Day 02 - Save output to a file


Filter all the words which are greater than two characters and write to a file in a specified directory.

Read and generate a dataset of words#

We would be reading the file created in the last program, and generating the list of words present in the text file.

scala> val text ="/Users/donald/")
text: org.apache.spark.sql.Dataset[String] = [value: string]
scala> import spark.implicits._
import spark.implicits._
scala> val words = text.flatMap(x => x.split(" "))

Filter the words#

Now that we have the list of all the words, lets filter all those words which are greater than two characters.

We are using filter method defined on the dataset to apply the above constraint.

We store this dataframe in another variable largeWords and call write which materializes the contents of the dataframe in a specific directory.

scala> val largeWords = words.filter(w => w.length > 2)
largeWords: org.apache.spark.sql.Dataset[String] = [value: string]
scala> largeWords.write.text("/path/to/large-words")

You can verify the output by going to directory mentioned above.
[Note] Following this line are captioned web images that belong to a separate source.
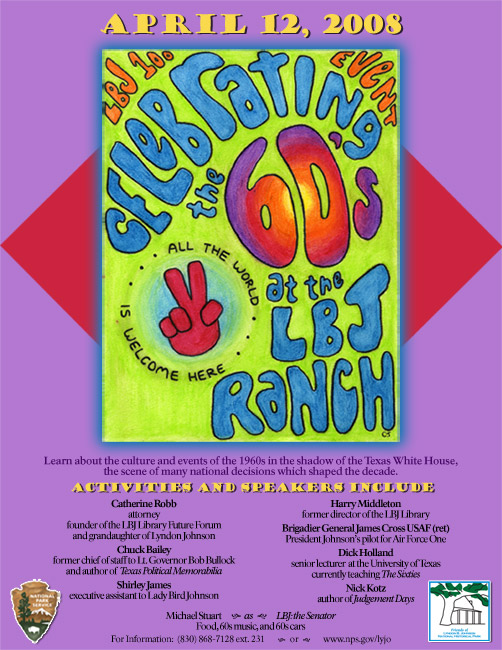 Poster advertising the 60s event at the LBJ Ranch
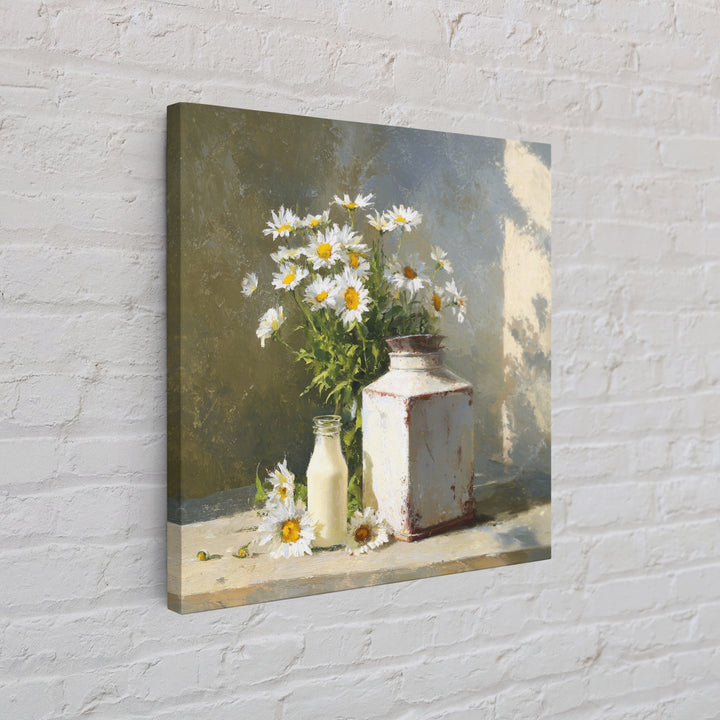 Milk Can and Daisies Rustic Still Life Canvas Print, Country Art, Eclectic Wall Art, Farmhouse Decor, Watercolor Art, Country, COU-1x1-13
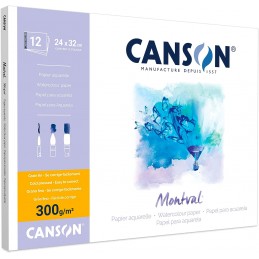 Papel acuarela Montval cuartilla en bloc encolado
$ cat /path/to/large-words/*

Transformations and actions#

Spark exposes api like filter as shown above to define transformations based on the business requirement, and once an action like write is executed, these transformations are converted to into a DAG ( Direct Acyclic Graph). DAG is a representation of how the execution of the entire job would happen. This takes care of minimizing the data read and distributed across nodes, during shuffle stage of any job.

Understanding DAG#

Let's view the DAG for the above Spark job.

  • Navigate to the Gigahex dashboard, to view the cluster details.

  • Navigate to the history tab, and click on the application ID.

    app history!

  • You should be able to view the Spark UI, that shows the executors and a job with description as text at <console>:27. Click on the Job ID and you would be navigated to the Stages page, where you can view the DAG as shown below.


The above diagram helps you to understand how your four lines of code was transformed into a DAG to run in a single stage. Each Spark application is composed of multiple jobs and each job consists of multiple stages, and each stage wil consist of multiple tasks. For the program that we've written, the application consists of a single job and a single stage.